In this case, we can see that the decision tree forms a three-region segment where this region determines the salaries of baseball players and we can say that the region is a decision boundary.

decision tree

These three regions can be written

  • R1 ={X | Years<4.5 }
  • R2 ={X | Years>=4.5, Hits<117.5 }
  • R3 ={X | Years>=4.5, Clicks>=117.5}.

From this intuition, there is a process of splitting a decision tree to form a region capable of predicting the salary of baseball players.

Fractionation / splitting

In order to split the nodes at the most informative features using the decision algorithm, we start at the root of the tree and split the data on the feature that results in the greatest information gain (IG ). Here, the objective function is to maximize the information gain (IG) at each split, which we define as follows:

splitting decision tree

f is the functionality to perform the division, Dp and Dj are the data set of the parent node, j-th child, I is our measure ofimpurity, Np is the total number of samples at the parent node and Nj is the number of samples. in the j-th child node.

As we can see, the information gain is simply the difference between the impurity of the parent node and the sum of the impurities of the child node: the lower the impurity of the child nodes, the greater the information gain.
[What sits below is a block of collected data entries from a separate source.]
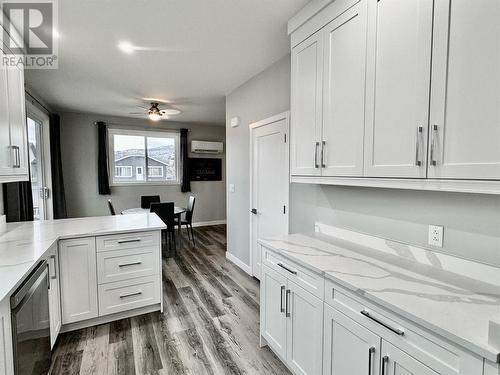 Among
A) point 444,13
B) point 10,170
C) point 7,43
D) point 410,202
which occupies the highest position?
point 7,43

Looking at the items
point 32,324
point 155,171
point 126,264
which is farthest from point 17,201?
point 155,171

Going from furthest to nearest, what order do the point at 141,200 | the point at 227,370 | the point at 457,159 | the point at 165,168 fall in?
the point at 165,168 → the point at 141,200 → the point at 227,370 → the point at 457,159

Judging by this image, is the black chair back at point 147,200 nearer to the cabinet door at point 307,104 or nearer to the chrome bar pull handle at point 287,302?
the cabinet door at point 307,104

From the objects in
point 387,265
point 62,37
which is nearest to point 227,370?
point 387,265

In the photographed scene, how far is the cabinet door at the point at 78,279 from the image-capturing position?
87.9 inches

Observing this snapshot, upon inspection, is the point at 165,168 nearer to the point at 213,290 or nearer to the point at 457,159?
the point at 213,290

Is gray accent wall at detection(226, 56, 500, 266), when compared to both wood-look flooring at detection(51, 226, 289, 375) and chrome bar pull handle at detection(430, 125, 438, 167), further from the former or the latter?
wood-look flooring at detection(51, 226, 289, 375)

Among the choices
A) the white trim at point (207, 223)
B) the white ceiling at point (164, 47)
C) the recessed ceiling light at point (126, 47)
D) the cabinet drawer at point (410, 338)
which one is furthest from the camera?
the white trim at point (207, 223)

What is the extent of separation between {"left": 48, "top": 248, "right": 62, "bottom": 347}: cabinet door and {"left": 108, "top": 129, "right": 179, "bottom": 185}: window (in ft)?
13.4

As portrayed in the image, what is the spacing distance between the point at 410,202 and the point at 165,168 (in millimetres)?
5764

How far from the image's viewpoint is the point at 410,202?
158 centimetres

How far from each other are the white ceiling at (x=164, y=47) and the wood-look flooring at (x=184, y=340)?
2.72 metres

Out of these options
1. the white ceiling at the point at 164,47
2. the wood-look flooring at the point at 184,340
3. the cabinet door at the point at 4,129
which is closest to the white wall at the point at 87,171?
the white ceiling at the point at 164,47

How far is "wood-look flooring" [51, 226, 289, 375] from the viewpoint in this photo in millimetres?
1938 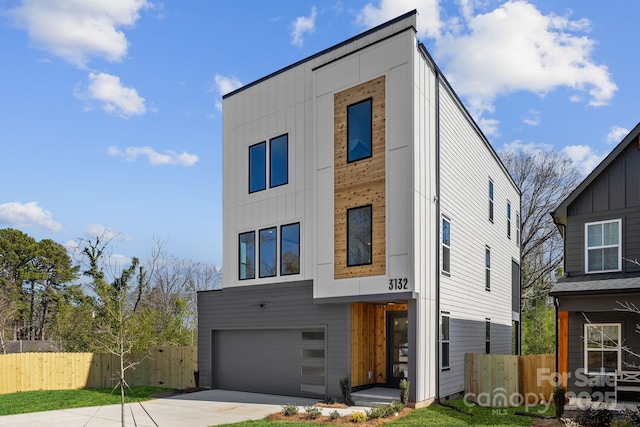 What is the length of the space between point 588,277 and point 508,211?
11048mm

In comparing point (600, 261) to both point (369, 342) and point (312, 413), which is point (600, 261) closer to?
point (369, 342)

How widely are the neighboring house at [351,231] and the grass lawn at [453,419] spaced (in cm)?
82

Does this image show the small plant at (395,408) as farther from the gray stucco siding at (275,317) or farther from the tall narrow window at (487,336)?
the tall narrow window at (487,336)

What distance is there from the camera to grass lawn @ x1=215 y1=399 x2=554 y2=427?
11.9 meters

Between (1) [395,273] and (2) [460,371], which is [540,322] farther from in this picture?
(1) [395,273]

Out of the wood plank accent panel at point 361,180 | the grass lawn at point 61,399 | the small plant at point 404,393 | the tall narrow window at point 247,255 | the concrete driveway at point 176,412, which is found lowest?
the grass lawn at point 61,399

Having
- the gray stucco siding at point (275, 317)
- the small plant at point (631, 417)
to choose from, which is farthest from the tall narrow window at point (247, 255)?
the small plant at point (631, 417)

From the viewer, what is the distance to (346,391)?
48.4ft

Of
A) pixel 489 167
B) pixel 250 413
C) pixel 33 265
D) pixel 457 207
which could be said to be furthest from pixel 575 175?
pixel 33 265

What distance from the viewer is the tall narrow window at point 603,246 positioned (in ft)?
47.9

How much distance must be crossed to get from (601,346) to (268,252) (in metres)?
9.51

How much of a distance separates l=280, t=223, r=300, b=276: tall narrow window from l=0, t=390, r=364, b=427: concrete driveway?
3682mm

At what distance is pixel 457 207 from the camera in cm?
1744

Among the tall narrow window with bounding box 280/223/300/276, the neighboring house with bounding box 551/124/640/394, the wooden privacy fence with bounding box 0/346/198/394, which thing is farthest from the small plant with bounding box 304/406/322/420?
the wooden privacy fence with bounding box 0/346/198/394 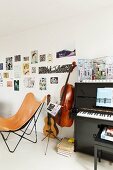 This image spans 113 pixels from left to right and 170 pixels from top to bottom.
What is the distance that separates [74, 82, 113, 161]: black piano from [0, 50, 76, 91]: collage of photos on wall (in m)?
0.76

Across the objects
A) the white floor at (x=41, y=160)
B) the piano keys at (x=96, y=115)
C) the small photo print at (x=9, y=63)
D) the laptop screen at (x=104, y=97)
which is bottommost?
the white floor at (x=41, y=160)

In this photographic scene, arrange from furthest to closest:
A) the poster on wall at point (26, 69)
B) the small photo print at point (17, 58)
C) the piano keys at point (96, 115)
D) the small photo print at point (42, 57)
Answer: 1. the small photo print at point (17, 58)
2. the poster on wall at point (26, 69)
3. the small photo print at point (42, 57)
4. the piano keys at point (96, 115)

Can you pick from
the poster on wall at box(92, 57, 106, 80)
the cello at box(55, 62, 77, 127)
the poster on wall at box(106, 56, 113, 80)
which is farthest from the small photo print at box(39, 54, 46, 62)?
the poster on wall at box(106, 56, 113, 80)

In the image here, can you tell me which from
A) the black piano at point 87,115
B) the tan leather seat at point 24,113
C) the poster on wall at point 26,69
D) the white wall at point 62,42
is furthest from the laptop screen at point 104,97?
the poster on wall at point 26,69

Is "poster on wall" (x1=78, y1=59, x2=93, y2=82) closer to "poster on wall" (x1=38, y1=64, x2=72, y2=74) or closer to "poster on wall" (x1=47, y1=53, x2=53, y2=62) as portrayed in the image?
"poster on wall" (x1=38, y1=64, x2=72, y2=74)

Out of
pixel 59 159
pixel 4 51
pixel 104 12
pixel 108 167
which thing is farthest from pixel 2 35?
pixel 108 167

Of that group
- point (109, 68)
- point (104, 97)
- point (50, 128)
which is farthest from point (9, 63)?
point (104, 97)

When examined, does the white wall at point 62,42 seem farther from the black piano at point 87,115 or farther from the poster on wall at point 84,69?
the black piano at point 87,115

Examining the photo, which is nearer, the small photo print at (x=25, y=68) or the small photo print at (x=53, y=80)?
the small photo print at (x=53, y=80)

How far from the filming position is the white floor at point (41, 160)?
213 cm

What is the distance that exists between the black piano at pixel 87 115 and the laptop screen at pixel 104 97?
46mm

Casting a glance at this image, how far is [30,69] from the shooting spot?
3.59 m

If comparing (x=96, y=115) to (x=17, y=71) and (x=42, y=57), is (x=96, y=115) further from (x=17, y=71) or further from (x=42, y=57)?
(x=17, y=71)

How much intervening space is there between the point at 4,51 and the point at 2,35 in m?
0.38
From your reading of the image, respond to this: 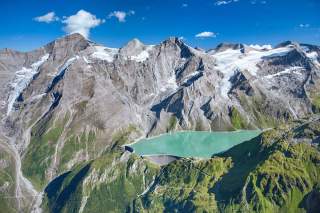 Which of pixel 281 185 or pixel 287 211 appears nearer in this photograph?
pixel 287 211

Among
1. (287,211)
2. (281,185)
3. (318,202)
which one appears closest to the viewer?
(318,202)

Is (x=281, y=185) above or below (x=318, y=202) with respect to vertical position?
below

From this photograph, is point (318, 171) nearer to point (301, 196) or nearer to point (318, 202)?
point (301, 196)

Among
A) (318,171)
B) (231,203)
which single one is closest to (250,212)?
(231,203)

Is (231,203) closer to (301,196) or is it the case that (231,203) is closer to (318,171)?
(301,196)

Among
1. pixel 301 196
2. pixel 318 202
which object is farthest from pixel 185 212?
pixel 318 202

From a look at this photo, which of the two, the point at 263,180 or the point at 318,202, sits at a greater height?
the point at 318,202

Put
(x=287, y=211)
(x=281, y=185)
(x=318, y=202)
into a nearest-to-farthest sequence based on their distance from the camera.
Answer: (x=318, y=202), (x=287, y=211), (x=281, y=185)

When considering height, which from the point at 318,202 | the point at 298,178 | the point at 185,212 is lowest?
the point at 185,212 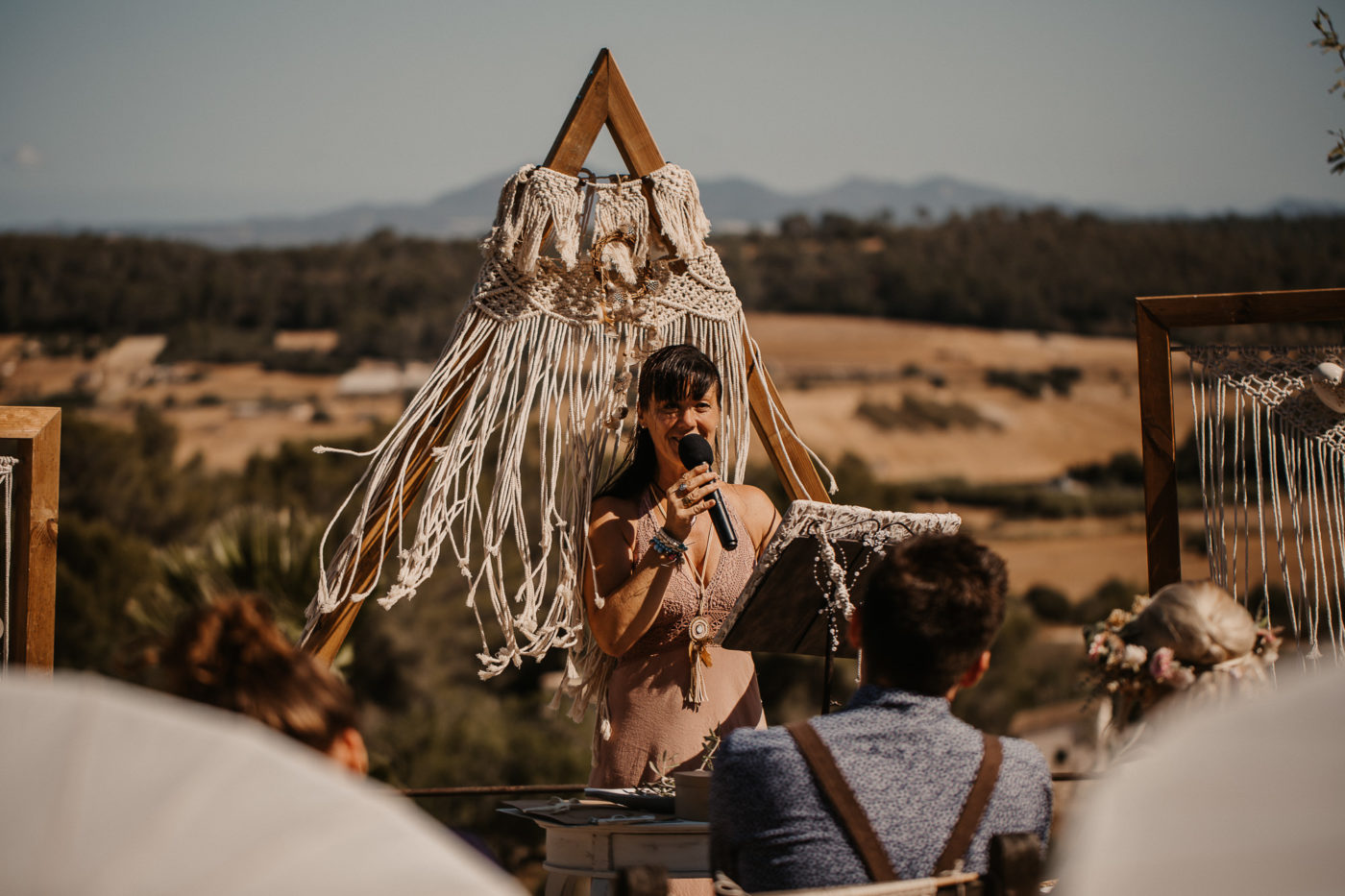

However, for simplicity and to reduce the combinatorial search space, most libraries (including scikit-learn) implement binary decision trees. This means that each parent node is divided into two child nodes, D-left and D-right.

splitting decision tree

Impurity measure implements binary decision trees and the three impurity measures or splitting criteria that are commonly used in binary decision trees are Gini impurity (IG), entropy (IH) and l classification error (IE).